5. Add salt, sugar and pepper. Stir the pan gently but well, folding all ingredients in thoroughly. Turn the flame up to medium-high and cover the pan. Make sure you've added enough water to keep the pan from charring and leaving you with one hell of a wash-up.

(Meat Intervention) if using meatballs or sausages, fry them well--and I mean well, no pink meat should be visible anywhere, then chope the sausages into as large or small pieces as you want (the meatballs will disintegrate by themselves in the sauce, no chopping required). If using pieces of meat, make sure they have been marinated in lemon juice and salt for at least an hour (I prefer three) before chopping them into tiny pieces and frying them well too. Drain all fried meat and keep aside (end meat intervention).
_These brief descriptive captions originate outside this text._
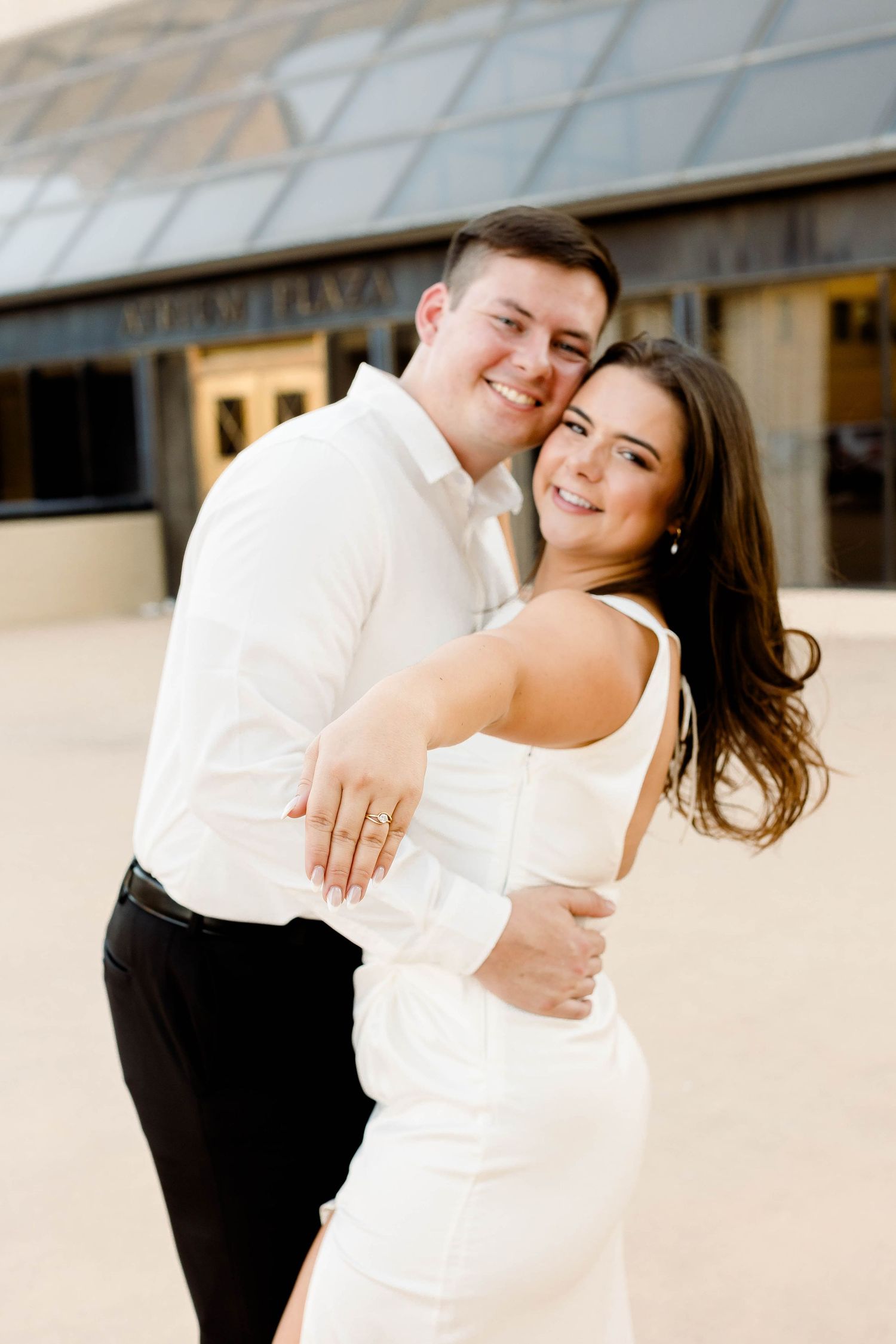 Joyful couple shares laughs and embraces during outdoor photo session.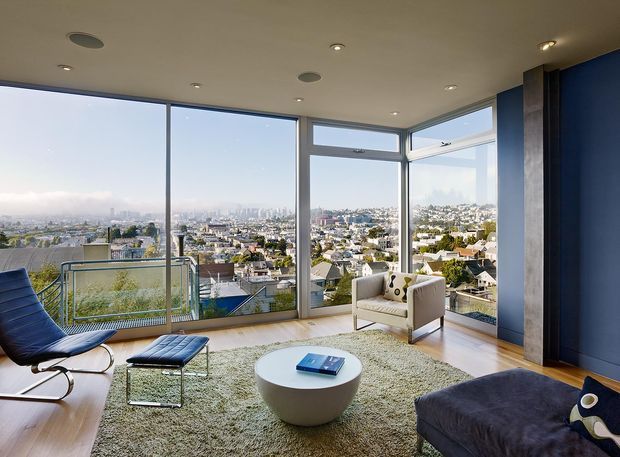 A contemporary living room with expansive floor-to-ceiling corner glazing overlooking a dense suburban cityscape. The room features a sculptural white round coffee table, pale textured rug, upholstered lounge chair and ottoman, dark lounge seating, timber flooring, recessed ceiling lights, and dark blue accent walls with a vertical stone-textured column. A balcony with a glass balustrade is visible beyond the glazing.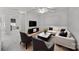 Living room with neutral tones, comfortable seating, and natural light at 204 Aztec Cir, Mooresville, NC 28117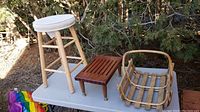 Photo showing tall wooden stool with white cushioned round seat, small wooden slatted bench, and slatted wooden basket placed on table outdoors.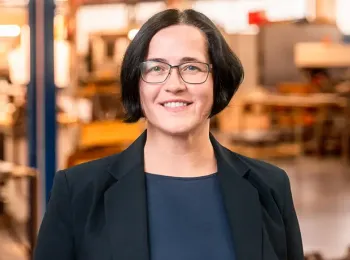 Eine Frau mit kurzen dunklen Haaren, Brille und schwarzem Blazer lächelt, während sie in einer hell erleuchteten Industrie- oder Werkstattumgebung steht.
6. Check back after about fifteen minutes. The sauce will very likely still be watery and will need some more boiling BUT, this is the time when you liberally (or not so liberally) layer the top of the sauce with chillie flakes/chopped shukno lonka and then fold it in well. Adding shukno lonka later adds that special bite to the sauce.
7. Add fried and drained meat. Fold in well. Sprinkle oregano on top. Fold in well again.
8. Cover and let it cook on medium-low for as long as it takes. I prefer a lower flame because that softens the meat and mixes the flavour better, but you may not have the time.
9. In the meanwhile, bring water to a boil. Add pasta. Cook till however well done you like your pasta. Drain the pasta on a colandar, chaalni, drainer. Let it stay that way while the sauce is being cooked. Flip it occasionally with a fork to make sure it doesn't get soggy inside.
10. Serve with a sprinkling of grated parmesan on top.